# Insight Data Science Consulting Project: 80,000 hours - Chapter 4

Note: this is a part of a consulting project with [80,000 hours](https://80000hours.org/).

## Stage 1: Ask a question

My objective is to rank skills (and possibly knowledge, tools & tech) based on how valuable they are. The skills are listed by US Department of Labor [here](https://www.onetonline.org/find/descriptor/browse/Skills/2.B.1/).

There is no performance measure for this rank yet since it is subjective. Yet in the future, one can create a poll to rate pairwise. 

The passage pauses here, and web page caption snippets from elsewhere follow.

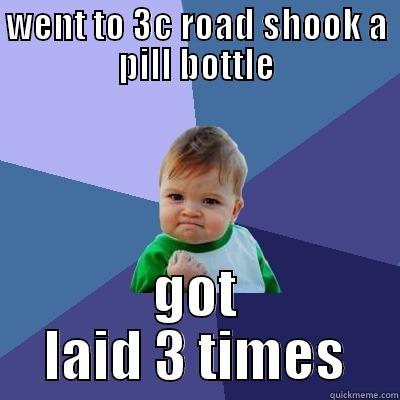 WENT TO 3C ROAD SHOOK A PILL BOTTLE GOT LAID 3 TIMES Success Kid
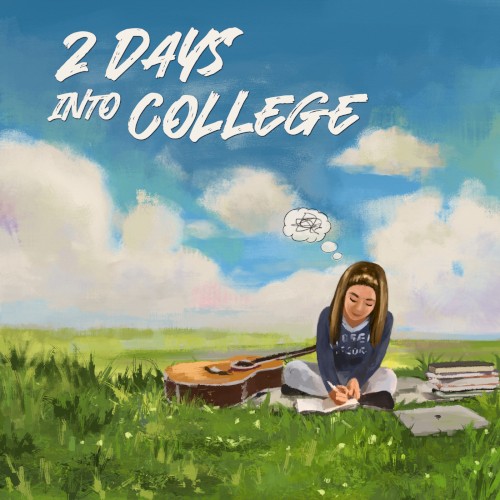 2 Days Into College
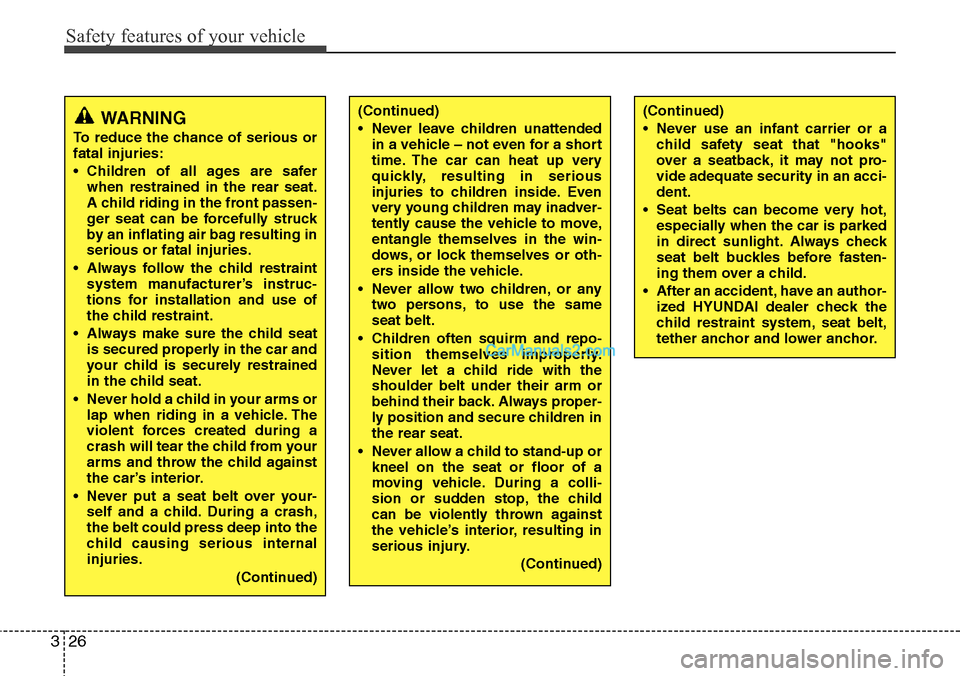 Hyundai H-1 (Grand Starex) 2012 Service Manual Safety features of your vehicle
26 3
WARNING
To reduce the chance of serious or
fatal injuries:
• Children of all ages are safer
when restrained in the rear seat.
A child riding in the front passen-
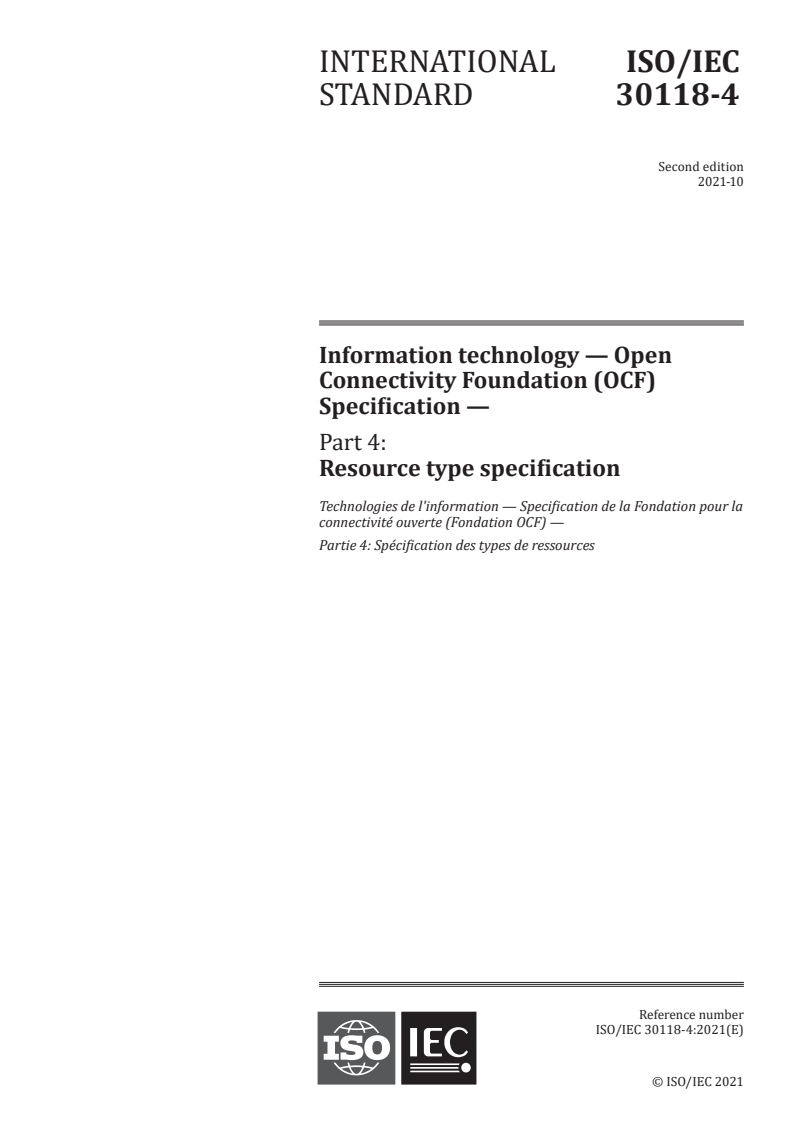 ISO/IEC 30118-4:2021 ISO/IEC 30118-4:2021 - Information technology — Open Connectivity Foundation (OCF) Specification — Part 4: Resource type specification
Released:10/18/2021 - Page 1 preview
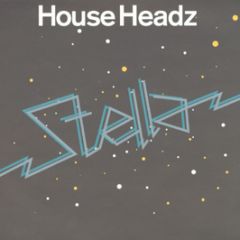House Headz - Stella - Nebula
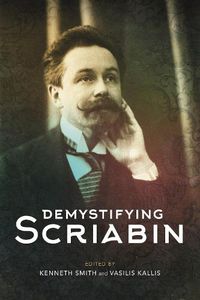 Cover image for Demystifying Scriabin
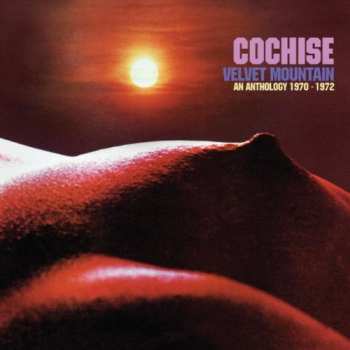 2CD Cochise: Velvet Mountain: An Anthology 1970-1972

## Stage 2: Set the environment up and get data

First, set up a directory for data and link it to this workplace. Download data into your choice of directory.

In [1]:
#Set up the environment
import pandas as pd                        #Pandas
import numpy as np                         #Numpy
import pycurl                              #For saving file from url
import os                                  #For checking if a file exists
from pandas.parser import CParserError     #For checking if a file contains a set of values
import matplotlib.pyplot as plt            #For plotting
import matplotlib
%matplotlib inline

#Some machine learning tools
from sklearn.linear_model import LassoCV, LassoLarsCV, LinearRegression
from sklearn.ensemble import RandomForestRegressor, GradientBoostingRegressor
from sklearn.neural_network import MLPRegressor
from sklearn.model_selection import StratifiedKFold
from sklearn.feature_selection import RFECV

#For radar graph plot
import numpy as np
import matplotlib
import matplotlib.path as path
import matplotlib.pyplot as plt
import matplotlib.patches as patches

# Set up data directory
DataDir = "C:/Users/Admin/Desktop/Insight/data/"
OutputDir = "C:/Users/Admin/Desktop/Insight/output/"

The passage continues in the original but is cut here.